Concordia University, River Forest, Illinois, the publisher of the journal Lutheran Education, twice honored Kieschnick. In 1970 it awarded him its Spiritus Christi medallion for his "devotion to the cause of Christian education and personal achievements and outstanding leadership in the field." In 1973 that same institution awarded Kieschnick the Doctor of Laws (Honoris Causa) citing him for being "a vigorous and innovative force in the Lutheran Church-Missouri Synod".

In 1972 Concordia Seminary, St. Louis, Missouri awarded Kieschnick its Christus Vivit medal. The medal honors persons who have performed a singular type of service for the benefit of the Church and whose services are marked by personal consecration over many years and in times of great difficulty. When making the presentation of the medal, Dr. John Tietjen, Seminary president identified Kieschnick as "an interpreter of Christian education to church and world on two continents" and said, "his contributions to civic and national groups continues on many fronts."

In acknowledging his support for the best possible education for all the children of the state, the New York State Department of Education cited Kieschnick as "A man whose star will shine forever. His joy in learning is an inspiration to educators throughout the state."
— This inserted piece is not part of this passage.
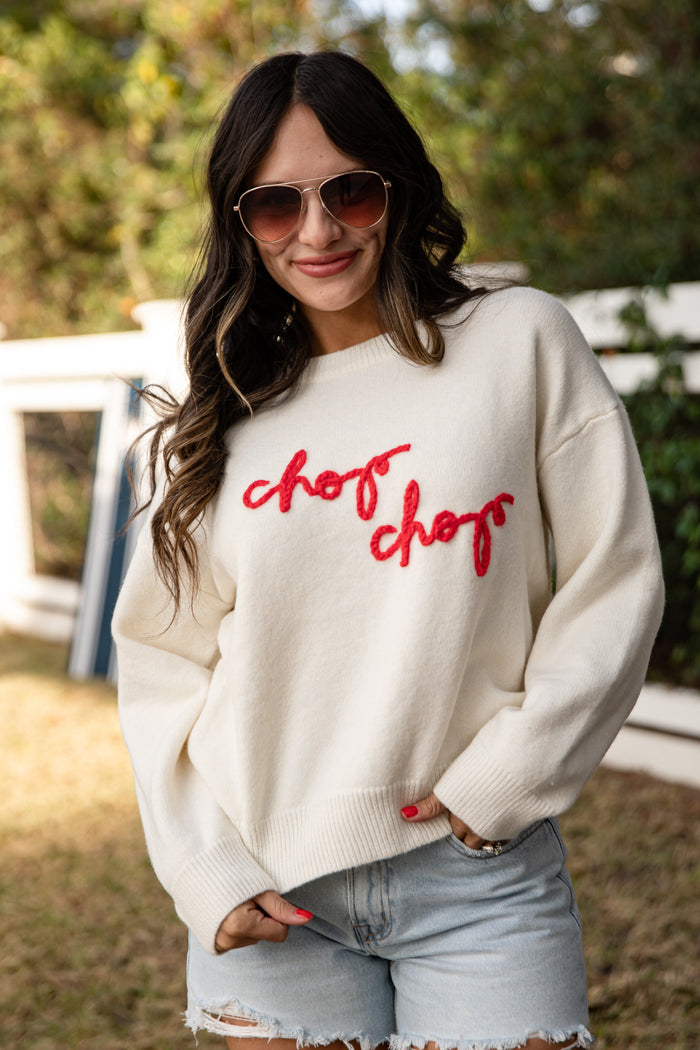 Woman wearing a cream sweater with 'chop chop' in red text, sunglasses, and denim shorts outdoors.
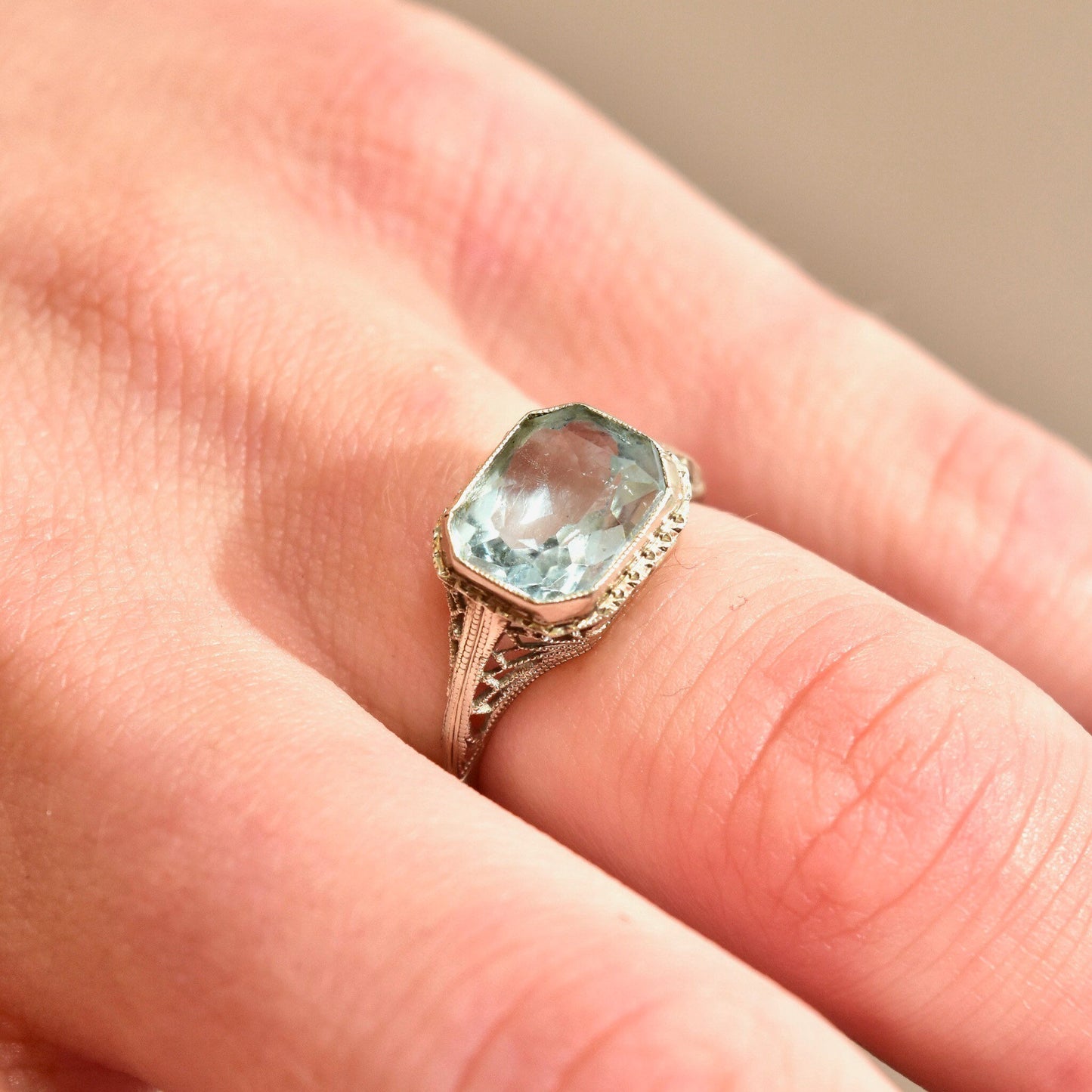 Antique Art Deco 14K white gold filigree ring with a pale blue faceted aquamarine gemstone in an intricate setting, size 6 1/2 US, perfect as a March birthstone ring.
For the last eight years of his career Kieschnick's writings focused on the challenge and opportunities of Christian education in urban settings. His monthly column in LSA News published by The Lutheran Schools Association of New York was widely read by urban educators. When these monthly articles were collected and published by Wheat Ridge Ministries, Dr. Lester Bayer, Director of The Center for Urban Education Ministries wrote, "These commentaries sometimes cause laughter, sometimes, inspiration, sometimes guilt, sometimes amusement, but they are always gospel-centered, stimulating and thought provoking". (Introduction by Les Bayer, Commentary, copyright 1992 by Melvin M. Kieschnick, Laser Lightening, Tuckahoe, NY.)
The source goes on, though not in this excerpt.